Thinner, or reducer (same thing just different names) in solvent paint has a single function and that is to enable the paint to be transported, by the spray gun, to the panel and then to assist the paint to lay down flat. After that it's no longer needed and, ideally, should evaporate away as quickly as possible, allowing the paint to cure/dry as necessary.

There is no question that using the correct reducer (or thinner) will help achieve better results. That said, at some stages in the painting process reducers can be interchanged. Experienced painters generally know which - for example I wouldn't even try to use a 1K reducer in 2K clear, but using a 2K reducer in acrylic colour or clear can actually be better than even the premium 1K reducer and using a 1K reducer in 2K primer can be done so long as some consideration is given to ambient temperatures.

In the situation outlined in this thread, however, the reducer is not the major contributor to the problem. Looking at the photo the "wrinkling" (we call it frying up) is generally across the panel, more severe in some spots. This tells me that we have a problem with the reducer in the top coat attacking the substrate.
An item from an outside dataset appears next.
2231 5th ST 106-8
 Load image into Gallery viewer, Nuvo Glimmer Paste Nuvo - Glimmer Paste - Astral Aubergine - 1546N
Now this can happen in rings around repair areas where a (usually 2K, not 1K) primer has been exposed in the feathering process, but when it happens in large areas it's almost always because the substrate is not properly cured. It also happens when 2K paints that do not use isocyanate are used, but that isn't the case here. What also contributes to fry ups is applying the next coat too wet or too thick, a problem compounded by low temperatures where the thinner doesn't evaporate quickly enough and the ever occurring issue with inexperienced painters thinking that more is better.

DarrelK identified this correctly, noting that the temperatures were way too low to allow curing to complete, maybe even to properly initialise.

Ideally that panel needs to be baked at 60C for an hour or so but OP probably doesn't have those facilities so it needs to be at a temperature of around 25C for at least 24 hours, preferably 2-3 days. In the sun would be best so that the warmth can penetrate and initiate the curing process down deep. Then sand and respray in temperatures not less than 20C.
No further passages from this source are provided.